Small consumer loans are almost always unsecured, meaning that the lender will not demand collateral to accept and approve a loan. There are, however, some minimum requirements that the borrower should be able to meet. The main challenge for the financial services company is therefore to ensure that they can quickly and correctly assess and rate potential borrowers’ creditworthiness.

As part of this effort, they wanted to improve their existing metrics for evaluating loan applicants. The historical metrics for assessing and rating potential borrowers, such as age, gender, and geography, were static. They did not consider borrowers’ changing behavior, which created a degree of uncertainty every time they lent money.

Since their loan services are available online and most of the small loans can be applied for and accepted in a matter of minutes, the company needed an automated solution to provide real-time creditworthiness assessments.

The solution

The financial services company engaged 2021.AI to leverage AI and machine learning technology to give a more precise prediction of loan repayments by a potential borrower. They shared customer data points, including age, income, taxes, operating systems, location, browser, and more. Based on this data storage, 2021.AI set out to improve the classification accuracy using an ensemble classifier.

Typically, the classification performance of an ensemble classifier provides better accuracy than a single classifier. Therefore, to achieve better classification accuracy, three algorithms were deployed: Random Forest, Support Vector Machines (SVM), and Logistic Regression. A majority voting method was applied to combine the predictions.

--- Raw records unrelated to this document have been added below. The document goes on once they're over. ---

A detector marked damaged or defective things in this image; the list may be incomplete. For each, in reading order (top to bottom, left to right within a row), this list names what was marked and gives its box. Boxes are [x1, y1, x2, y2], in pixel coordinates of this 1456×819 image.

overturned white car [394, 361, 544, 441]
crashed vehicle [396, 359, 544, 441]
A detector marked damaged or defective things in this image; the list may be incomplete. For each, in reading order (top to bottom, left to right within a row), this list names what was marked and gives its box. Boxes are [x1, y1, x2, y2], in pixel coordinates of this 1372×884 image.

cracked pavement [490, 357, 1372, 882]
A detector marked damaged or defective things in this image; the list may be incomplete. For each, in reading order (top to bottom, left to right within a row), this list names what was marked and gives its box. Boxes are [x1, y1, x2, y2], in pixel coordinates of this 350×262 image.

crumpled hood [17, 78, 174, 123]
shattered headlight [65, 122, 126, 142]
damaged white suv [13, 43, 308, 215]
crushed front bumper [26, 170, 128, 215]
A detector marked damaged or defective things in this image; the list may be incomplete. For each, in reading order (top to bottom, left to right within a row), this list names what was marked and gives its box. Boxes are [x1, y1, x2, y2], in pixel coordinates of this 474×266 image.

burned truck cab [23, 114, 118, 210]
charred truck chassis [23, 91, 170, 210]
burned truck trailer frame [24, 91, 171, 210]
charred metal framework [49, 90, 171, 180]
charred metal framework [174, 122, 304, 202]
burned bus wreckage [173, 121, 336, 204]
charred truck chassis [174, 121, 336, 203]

The algorithms were developed, deployed, and continuously monitored by leveraging 2021.AI’s platform, Grace.

The results

The AI algorithms deployed use more than thirty variables and over one million data points to assess potential borrowers. The algorithm provides complete transparency, enabling the company to determine why the algorithm either provides someone with a loan or refuses them. This transparency also ensures the algorithm complies with legislation that says customers have a right to information regarding the assessment of their creditworthiness. 2021.AI delivered the use case, the coding of algorithms, and the implementation of AI algorithms. The financial services company now use the algorithm to evaluate and rate all new loan applicants.

Project highlights

  • Building an AI solution to enable real-time predictions of potential borrowers’ payback behavior.
  • The deployed algorithms achieved 80% classification accuracy.
  • Significantly helped lower the risk of accepting new loans
  • Saved 1m-2m DKK per year

About the project

The project set the foundation for other models in the company including lead generation model and a fraud model.